*** EXTRACTED ENTRIES ***
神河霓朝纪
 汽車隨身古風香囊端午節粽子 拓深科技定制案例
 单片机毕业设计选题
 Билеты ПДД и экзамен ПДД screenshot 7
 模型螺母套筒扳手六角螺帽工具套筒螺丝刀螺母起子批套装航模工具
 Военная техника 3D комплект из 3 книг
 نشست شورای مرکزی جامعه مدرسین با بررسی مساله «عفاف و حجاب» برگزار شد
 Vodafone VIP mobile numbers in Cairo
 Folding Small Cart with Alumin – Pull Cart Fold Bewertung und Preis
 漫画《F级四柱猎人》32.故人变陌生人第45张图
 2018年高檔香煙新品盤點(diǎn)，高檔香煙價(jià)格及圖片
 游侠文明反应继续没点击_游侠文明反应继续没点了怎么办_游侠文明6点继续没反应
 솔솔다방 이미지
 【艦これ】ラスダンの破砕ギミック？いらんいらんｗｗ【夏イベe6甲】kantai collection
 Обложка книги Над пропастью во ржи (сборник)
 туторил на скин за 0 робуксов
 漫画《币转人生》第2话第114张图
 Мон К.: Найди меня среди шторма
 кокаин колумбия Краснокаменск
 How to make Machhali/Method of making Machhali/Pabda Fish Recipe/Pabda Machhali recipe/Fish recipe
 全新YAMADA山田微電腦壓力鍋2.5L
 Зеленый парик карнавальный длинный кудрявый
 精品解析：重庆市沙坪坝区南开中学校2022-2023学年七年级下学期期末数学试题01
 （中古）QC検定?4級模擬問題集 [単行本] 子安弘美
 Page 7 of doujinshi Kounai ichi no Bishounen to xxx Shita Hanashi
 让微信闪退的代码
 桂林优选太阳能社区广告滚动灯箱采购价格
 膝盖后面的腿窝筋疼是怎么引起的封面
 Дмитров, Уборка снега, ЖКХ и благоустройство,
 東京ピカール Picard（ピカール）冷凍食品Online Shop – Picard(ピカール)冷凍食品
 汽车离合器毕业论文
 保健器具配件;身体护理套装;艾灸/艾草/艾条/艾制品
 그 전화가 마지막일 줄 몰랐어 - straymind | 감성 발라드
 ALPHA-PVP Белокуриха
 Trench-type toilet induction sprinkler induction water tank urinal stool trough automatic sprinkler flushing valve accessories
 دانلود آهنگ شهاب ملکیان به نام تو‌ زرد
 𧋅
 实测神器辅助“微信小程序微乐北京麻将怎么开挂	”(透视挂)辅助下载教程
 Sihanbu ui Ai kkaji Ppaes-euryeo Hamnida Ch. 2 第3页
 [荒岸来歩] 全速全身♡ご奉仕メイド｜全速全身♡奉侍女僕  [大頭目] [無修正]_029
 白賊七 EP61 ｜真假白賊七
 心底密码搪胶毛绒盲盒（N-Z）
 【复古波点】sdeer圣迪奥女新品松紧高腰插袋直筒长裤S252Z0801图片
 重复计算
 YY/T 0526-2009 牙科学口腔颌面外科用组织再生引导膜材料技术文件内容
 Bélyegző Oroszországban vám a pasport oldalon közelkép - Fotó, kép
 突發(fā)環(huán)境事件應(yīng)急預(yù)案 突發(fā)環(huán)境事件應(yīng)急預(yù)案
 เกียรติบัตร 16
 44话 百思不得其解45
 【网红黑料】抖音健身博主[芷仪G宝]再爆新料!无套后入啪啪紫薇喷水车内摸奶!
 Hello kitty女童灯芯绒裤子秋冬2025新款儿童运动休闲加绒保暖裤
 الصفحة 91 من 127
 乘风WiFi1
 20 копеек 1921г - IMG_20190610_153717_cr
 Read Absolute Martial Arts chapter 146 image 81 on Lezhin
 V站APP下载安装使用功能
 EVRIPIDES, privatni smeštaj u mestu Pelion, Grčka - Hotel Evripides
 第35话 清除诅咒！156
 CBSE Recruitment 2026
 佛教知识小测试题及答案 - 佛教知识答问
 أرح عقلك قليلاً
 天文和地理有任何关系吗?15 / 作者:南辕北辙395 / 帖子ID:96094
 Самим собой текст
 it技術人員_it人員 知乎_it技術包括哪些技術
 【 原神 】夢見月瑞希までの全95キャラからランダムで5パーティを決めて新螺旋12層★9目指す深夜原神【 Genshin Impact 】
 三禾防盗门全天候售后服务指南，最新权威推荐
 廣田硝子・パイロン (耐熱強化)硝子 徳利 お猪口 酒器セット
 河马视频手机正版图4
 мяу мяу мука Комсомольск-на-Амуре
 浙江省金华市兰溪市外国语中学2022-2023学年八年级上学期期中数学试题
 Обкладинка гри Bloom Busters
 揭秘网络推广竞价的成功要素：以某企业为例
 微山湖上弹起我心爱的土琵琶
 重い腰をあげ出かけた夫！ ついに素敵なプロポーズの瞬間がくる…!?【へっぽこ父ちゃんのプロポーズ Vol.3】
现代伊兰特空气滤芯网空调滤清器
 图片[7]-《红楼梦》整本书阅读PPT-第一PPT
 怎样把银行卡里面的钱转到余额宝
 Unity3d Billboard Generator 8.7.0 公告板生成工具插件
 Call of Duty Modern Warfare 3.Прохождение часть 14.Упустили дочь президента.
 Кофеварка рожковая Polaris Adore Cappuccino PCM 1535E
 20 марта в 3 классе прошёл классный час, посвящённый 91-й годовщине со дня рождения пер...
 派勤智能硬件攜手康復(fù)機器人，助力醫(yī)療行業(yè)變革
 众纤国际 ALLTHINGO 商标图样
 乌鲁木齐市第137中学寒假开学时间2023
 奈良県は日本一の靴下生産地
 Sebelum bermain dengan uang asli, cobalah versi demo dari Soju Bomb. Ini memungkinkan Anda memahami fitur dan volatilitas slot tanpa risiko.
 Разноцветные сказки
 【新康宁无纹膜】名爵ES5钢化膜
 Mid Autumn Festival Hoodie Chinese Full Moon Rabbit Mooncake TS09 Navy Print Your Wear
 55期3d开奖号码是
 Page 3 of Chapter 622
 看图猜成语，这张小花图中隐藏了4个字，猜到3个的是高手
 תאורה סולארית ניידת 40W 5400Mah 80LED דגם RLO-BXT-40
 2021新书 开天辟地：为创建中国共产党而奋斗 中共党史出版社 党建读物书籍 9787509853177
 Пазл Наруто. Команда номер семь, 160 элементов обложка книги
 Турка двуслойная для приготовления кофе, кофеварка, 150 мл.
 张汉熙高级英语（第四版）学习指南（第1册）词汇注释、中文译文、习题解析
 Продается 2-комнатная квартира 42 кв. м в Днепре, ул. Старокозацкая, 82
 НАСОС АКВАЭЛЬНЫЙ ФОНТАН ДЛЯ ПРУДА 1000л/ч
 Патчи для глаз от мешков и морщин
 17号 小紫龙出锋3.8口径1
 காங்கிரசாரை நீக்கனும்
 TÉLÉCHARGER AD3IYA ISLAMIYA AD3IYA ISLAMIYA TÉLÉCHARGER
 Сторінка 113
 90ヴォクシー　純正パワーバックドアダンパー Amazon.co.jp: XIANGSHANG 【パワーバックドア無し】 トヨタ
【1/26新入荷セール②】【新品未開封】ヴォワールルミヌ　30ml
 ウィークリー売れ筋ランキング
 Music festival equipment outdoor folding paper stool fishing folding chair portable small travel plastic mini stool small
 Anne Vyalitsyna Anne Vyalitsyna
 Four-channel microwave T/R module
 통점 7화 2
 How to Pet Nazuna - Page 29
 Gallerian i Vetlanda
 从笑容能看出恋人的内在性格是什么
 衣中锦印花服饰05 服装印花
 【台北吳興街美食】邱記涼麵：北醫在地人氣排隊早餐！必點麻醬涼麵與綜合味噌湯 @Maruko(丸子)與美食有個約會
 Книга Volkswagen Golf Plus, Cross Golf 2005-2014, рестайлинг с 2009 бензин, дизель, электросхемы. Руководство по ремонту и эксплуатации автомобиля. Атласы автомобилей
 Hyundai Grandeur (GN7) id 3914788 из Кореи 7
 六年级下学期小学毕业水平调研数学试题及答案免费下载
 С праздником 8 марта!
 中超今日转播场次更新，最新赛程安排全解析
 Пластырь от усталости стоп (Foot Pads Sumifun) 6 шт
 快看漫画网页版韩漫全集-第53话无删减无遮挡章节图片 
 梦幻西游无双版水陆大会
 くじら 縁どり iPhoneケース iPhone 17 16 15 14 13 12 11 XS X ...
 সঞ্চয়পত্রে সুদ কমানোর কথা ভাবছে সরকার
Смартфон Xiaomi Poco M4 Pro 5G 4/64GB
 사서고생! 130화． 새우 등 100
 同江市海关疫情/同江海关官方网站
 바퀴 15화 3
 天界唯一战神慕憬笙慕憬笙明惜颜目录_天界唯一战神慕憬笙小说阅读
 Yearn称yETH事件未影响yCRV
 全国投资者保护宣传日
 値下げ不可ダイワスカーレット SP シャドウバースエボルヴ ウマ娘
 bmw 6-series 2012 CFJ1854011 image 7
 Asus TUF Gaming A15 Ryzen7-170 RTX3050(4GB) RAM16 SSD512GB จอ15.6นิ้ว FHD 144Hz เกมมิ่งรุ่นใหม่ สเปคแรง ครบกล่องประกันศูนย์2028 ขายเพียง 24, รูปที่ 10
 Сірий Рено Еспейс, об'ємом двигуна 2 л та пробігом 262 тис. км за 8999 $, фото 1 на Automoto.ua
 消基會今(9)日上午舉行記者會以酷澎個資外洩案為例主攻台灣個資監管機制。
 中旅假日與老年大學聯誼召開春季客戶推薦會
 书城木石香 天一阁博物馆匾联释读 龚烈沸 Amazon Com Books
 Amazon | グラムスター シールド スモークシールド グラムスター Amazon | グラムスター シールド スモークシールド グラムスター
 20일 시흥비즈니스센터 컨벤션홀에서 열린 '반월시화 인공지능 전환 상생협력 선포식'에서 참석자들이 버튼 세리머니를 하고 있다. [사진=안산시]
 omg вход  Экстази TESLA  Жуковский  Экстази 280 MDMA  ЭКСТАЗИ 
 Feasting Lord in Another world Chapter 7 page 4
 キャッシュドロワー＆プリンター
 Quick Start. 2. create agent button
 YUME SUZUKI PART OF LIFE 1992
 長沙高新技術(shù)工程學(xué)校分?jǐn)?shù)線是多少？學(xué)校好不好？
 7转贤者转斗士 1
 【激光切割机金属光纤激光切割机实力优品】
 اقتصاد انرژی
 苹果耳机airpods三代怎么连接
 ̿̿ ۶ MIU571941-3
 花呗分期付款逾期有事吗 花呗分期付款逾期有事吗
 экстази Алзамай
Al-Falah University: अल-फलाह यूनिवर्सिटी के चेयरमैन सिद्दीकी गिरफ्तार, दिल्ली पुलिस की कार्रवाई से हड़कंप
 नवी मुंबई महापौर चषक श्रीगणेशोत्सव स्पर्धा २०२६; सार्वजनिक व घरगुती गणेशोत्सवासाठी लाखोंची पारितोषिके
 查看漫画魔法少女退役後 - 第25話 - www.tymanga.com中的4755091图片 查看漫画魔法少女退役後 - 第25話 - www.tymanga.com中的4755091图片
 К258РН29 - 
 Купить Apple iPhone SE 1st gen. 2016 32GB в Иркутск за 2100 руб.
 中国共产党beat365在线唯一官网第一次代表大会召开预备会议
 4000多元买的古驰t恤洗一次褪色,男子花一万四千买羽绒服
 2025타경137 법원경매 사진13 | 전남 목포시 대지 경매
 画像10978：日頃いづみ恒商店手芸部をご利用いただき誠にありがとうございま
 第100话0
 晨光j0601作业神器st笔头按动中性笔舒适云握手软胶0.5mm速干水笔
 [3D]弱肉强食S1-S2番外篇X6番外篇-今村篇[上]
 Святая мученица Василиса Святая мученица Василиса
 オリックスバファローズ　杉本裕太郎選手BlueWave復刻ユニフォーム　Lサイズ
*** End of EXTRACTED ENTRIES ***
• TASK DESCRIPTION:
Using the entries above, return exactly the lines from the line with "Пластырь от усталости" to the line with "bmw 6-series 2012 CFJ1854011 image 7", counting both of those lines.

• OUTPUT FOR THIS EXERCISE:
 Пластырь от усталости стоп (Foot Pads Sumifun) 6 шт
 快看漫画网页版韩漫全集-第53话无删减无遮挡章节图片 
 梦幻西游无双版水陆大会
 くじら 縁どり iPhoneケース iPhone 17 16 15 14 13 12 11 XS X ...
 সঞ্চয়পত্রে সুদ কমানোর কথা ভাবছে সরকার
Смартфон Xiaomi Poco M4 Pro 5G 4/64GB
 사서고생! 130화． 새우 등 100
 同江市海关疫情/同江海关官方网站
 바퀴 15화 3
 天界唯一战神慕憬笙慕憬笙明惜颜目录_天界唯一战神慕憬笙小说阅读
 Yearn称yETH事件未影响yCRV
 全国投资者保护宣传日
 値下げ不可ダイワスカーレット SP シャドウバースエボルヴ ウマ娘
 bmw 6-series 2012 CFJ1854011 image 7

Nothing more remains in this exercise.